Data for analysis section start
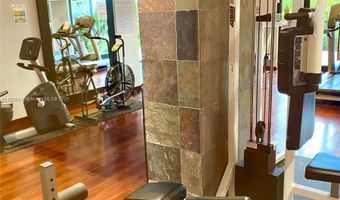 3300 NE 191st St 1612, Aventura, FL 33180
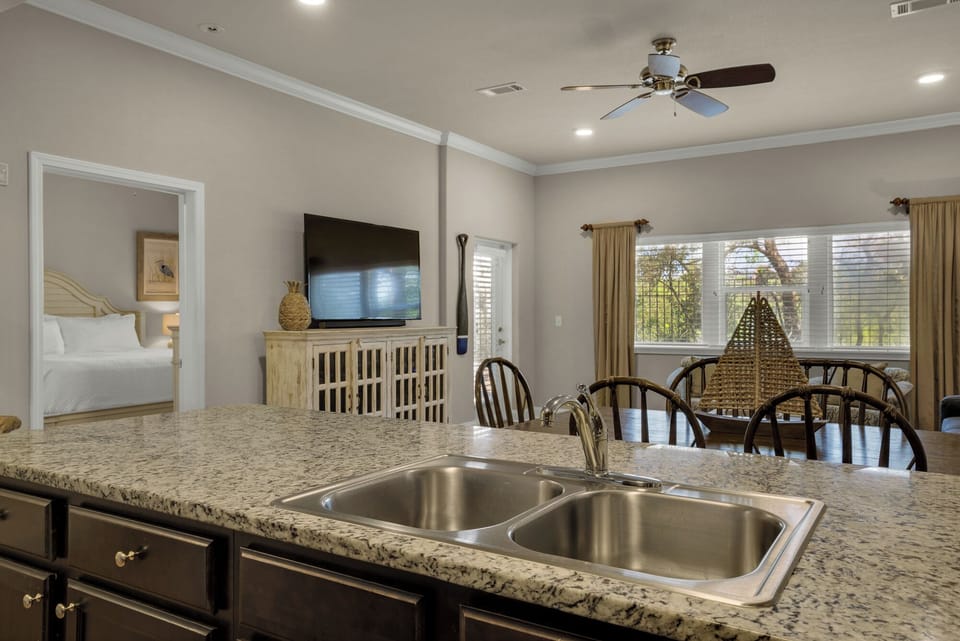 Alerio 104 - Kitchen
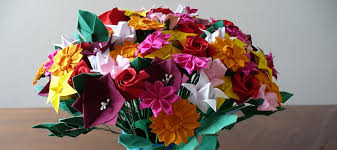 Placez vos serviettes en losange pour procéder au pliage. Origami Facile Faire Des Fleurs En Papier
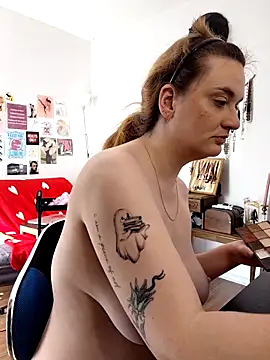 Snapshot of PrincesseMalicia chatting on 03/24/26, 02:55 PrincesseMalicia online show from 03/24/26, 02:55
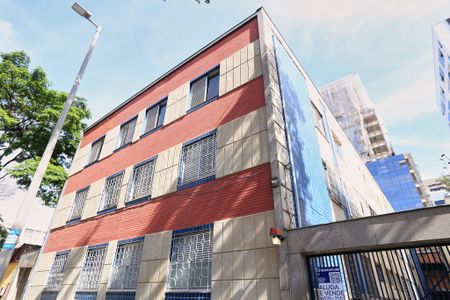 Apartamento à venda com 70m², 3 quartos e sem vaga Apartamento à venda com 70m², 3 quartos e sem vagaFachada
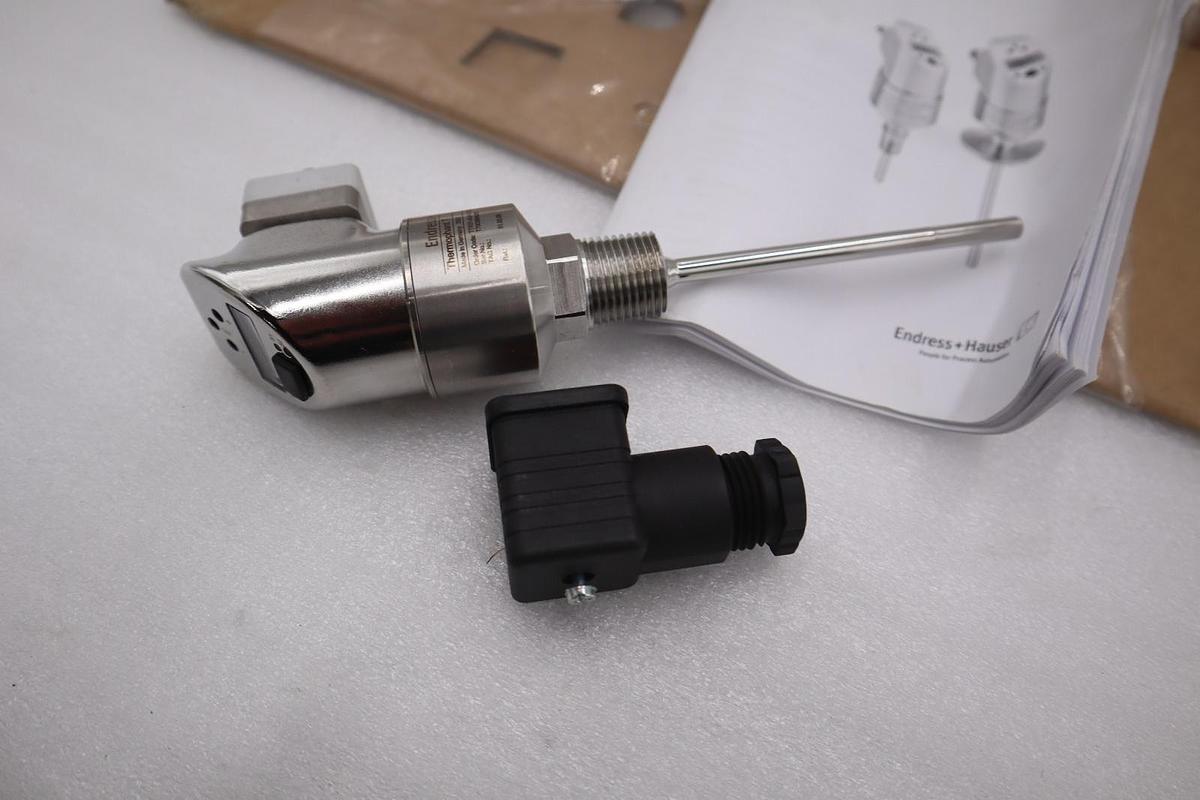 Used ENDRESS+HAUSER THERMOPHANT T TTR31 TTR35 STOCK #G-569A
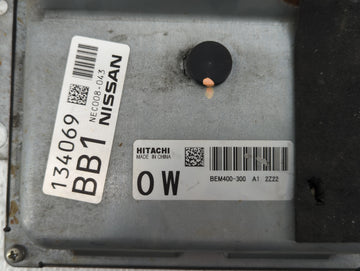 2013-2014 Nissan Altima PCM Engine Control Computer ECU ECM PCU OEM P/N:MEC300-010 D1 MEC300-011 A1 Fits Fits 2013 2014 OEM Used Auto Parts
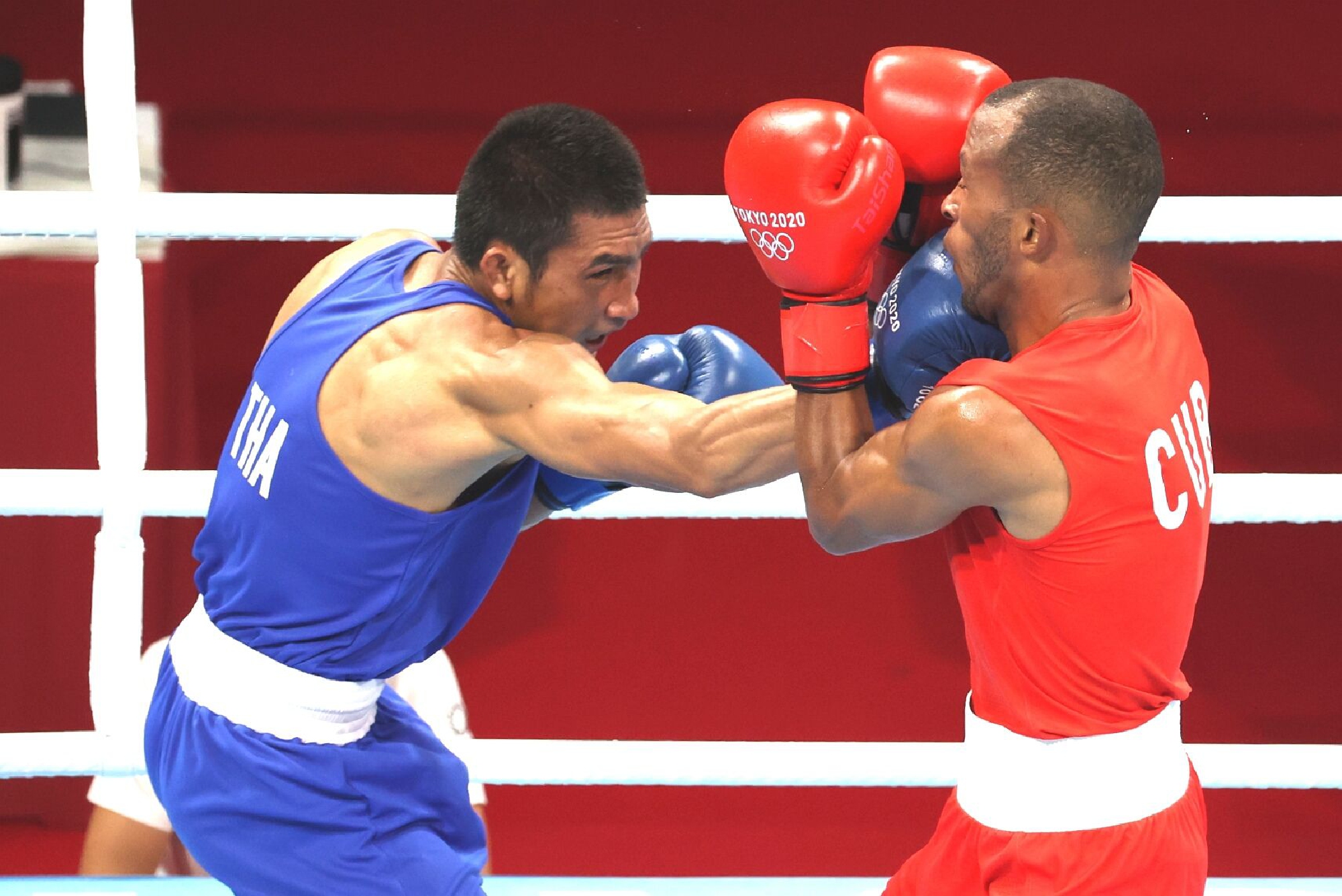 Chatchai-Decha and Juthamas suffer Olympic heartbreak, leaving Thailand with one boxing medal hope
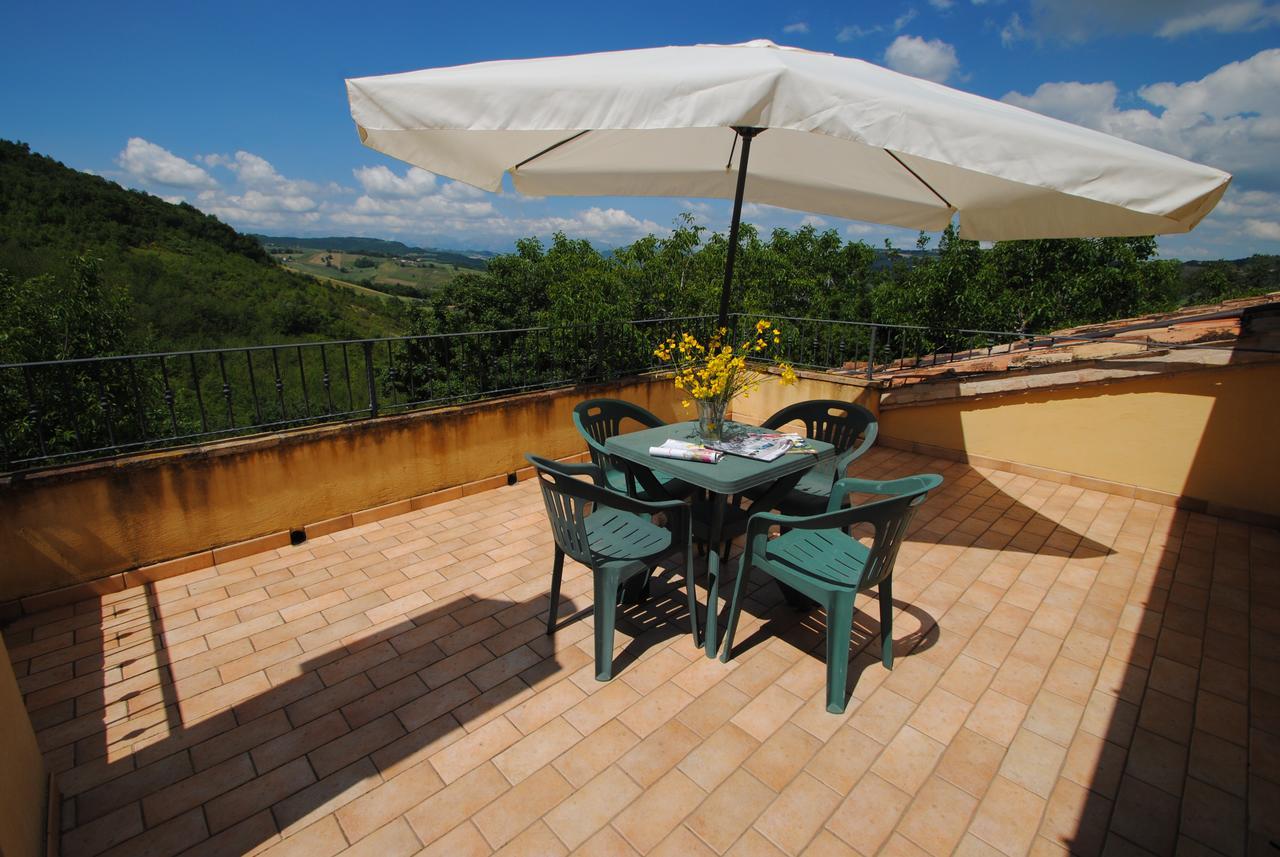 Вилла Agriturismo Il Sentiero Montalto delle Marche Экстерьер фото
Data for analysis section end
## Your goal
Write out the listing above exactly, images omitted.

## Response box
 3300 NE 191st St 1612, Aventura, FL 33180
 Alerio 104 - Kitchen
 Placez vos serviettes en losange pour procéder au pliage. Origami Facile Faire Des Fleurs En Papier
 Snapshot of PrincesseMalicia chatting on 03/24/26, 02:55 PrincesseMalicia online show from 03/24/26, 02:55
 Apartamento à venda com 70m², 3 quartos e sem vaga Apartamento à venda com 70m², 3 quartos e sem vagaFachada
 Used ENDRESS+HAUSER THERMOPHANT T TTR31 TTR35 STOCK #G-569A
 2013-2014 Nissan Altima PCM Engine Control Computer ECU ECM PCU OEM P/N:MEC300-010 D1 MEC300-011 A1 Fits Fits 2013 2014 OEM Used Auto Parts
 Chatchai-Decha and Juthamas suffer Olympic heartbreak, leaving Thailand with one boxing medal hope
 Вилла Agriturismo Il Sentiero Montalto delle Marche Экстерьер фото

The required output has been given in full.